Exercise directions: When you reach the line with "Fahrzeugabbildung Volvo V60" in the records below, begin transcribing exactly and continue up to and including the line with "Vintage Renate Harvan", leaving out every picture.

:: Data shown

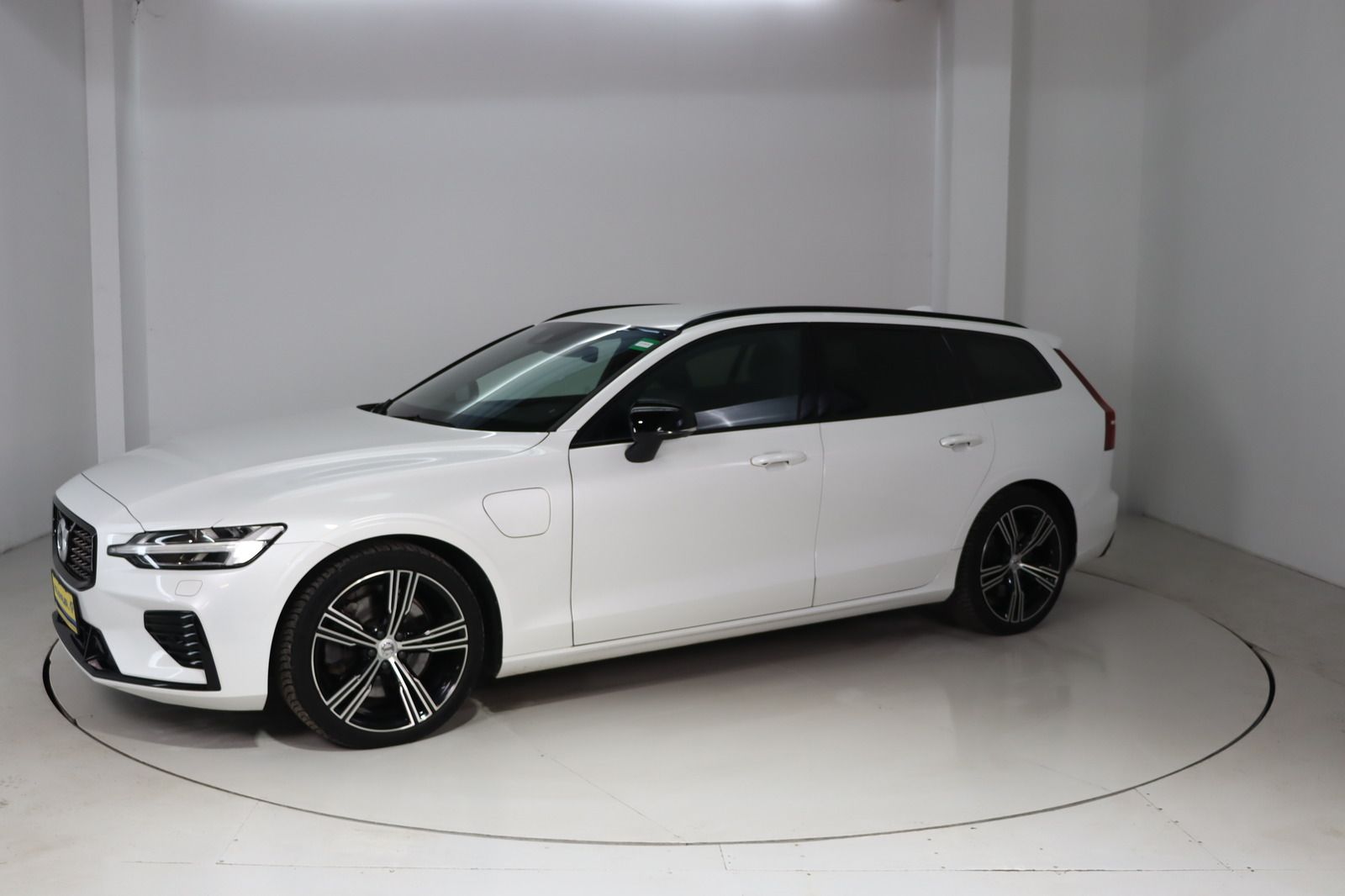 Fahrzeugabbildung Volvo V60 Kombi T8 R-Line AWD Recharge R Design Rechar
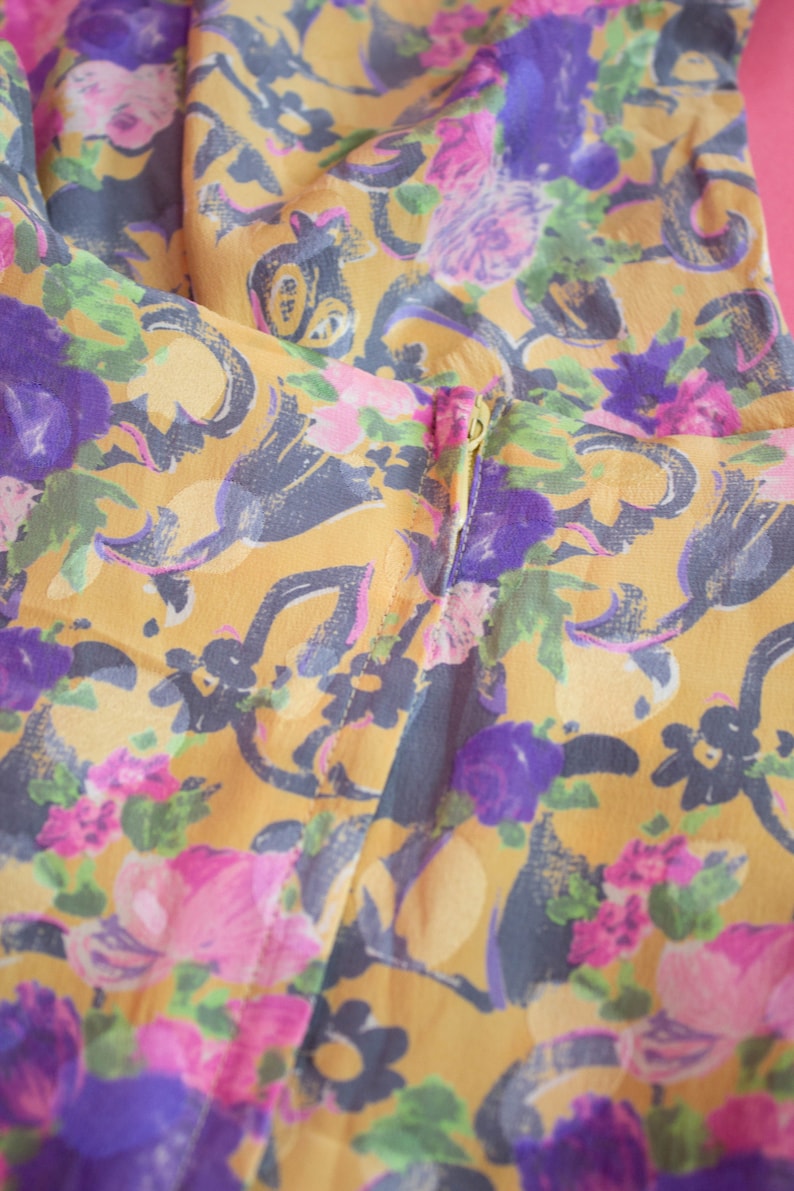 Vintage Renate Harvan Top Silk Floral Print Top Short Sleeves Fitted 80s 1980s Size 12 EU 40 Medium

::::
:: Data shown

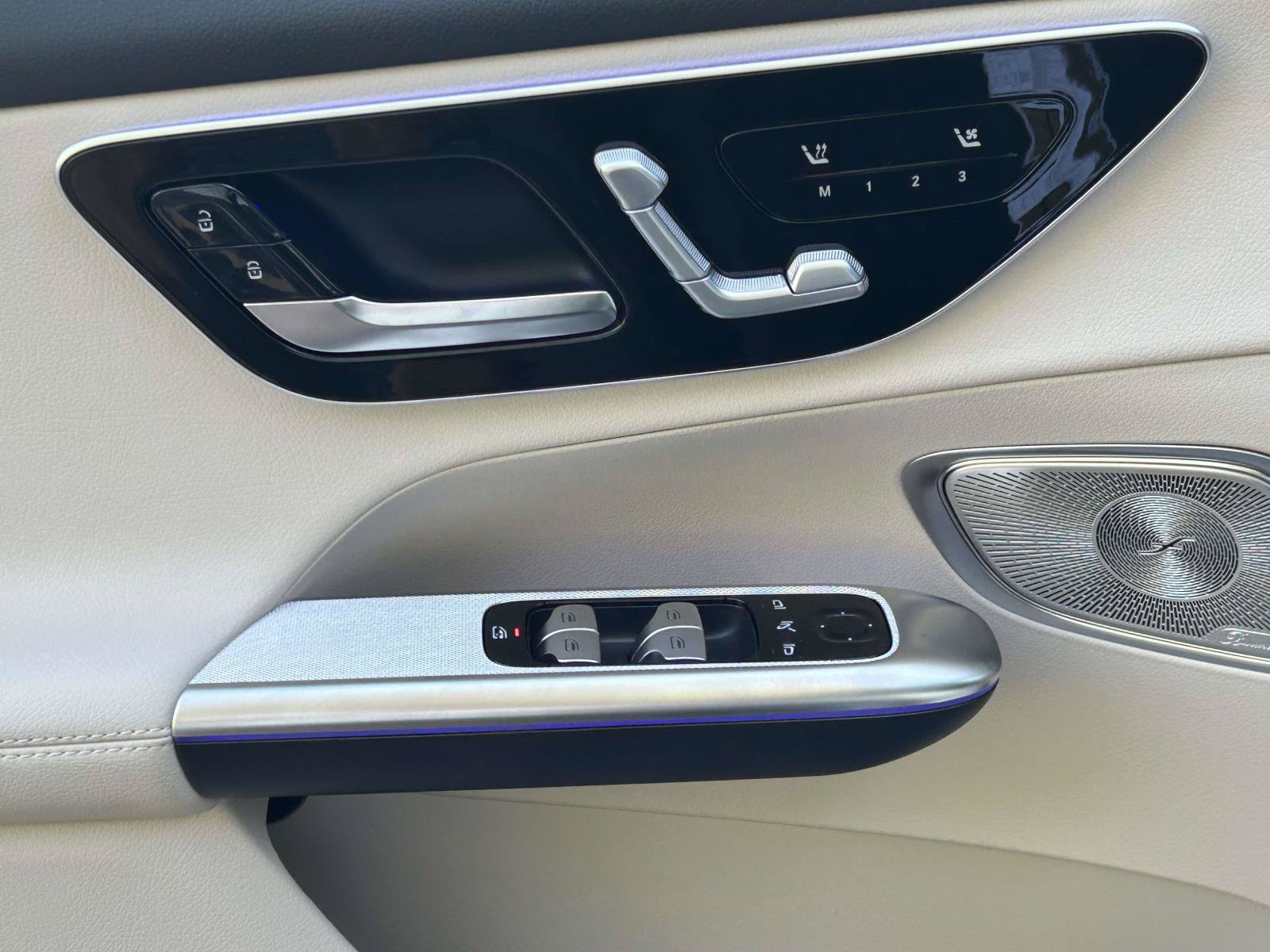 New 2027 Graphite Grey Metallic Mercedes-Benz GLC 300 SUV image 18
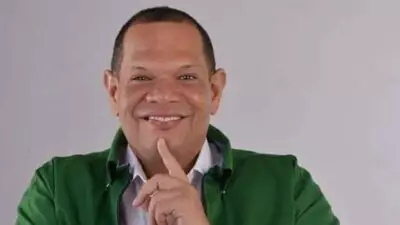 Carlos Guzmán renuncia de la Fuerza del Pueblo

::::

Response:
 Fahrzeugabbildung Volvo V60 Kombi T8 R-Line AWD Recharge R Design Rechar
 Vintage Renate Harvan Top Silk Floral Print Top Short Sleeves Fitted 80s 1980s Size 12 EU 40 Medium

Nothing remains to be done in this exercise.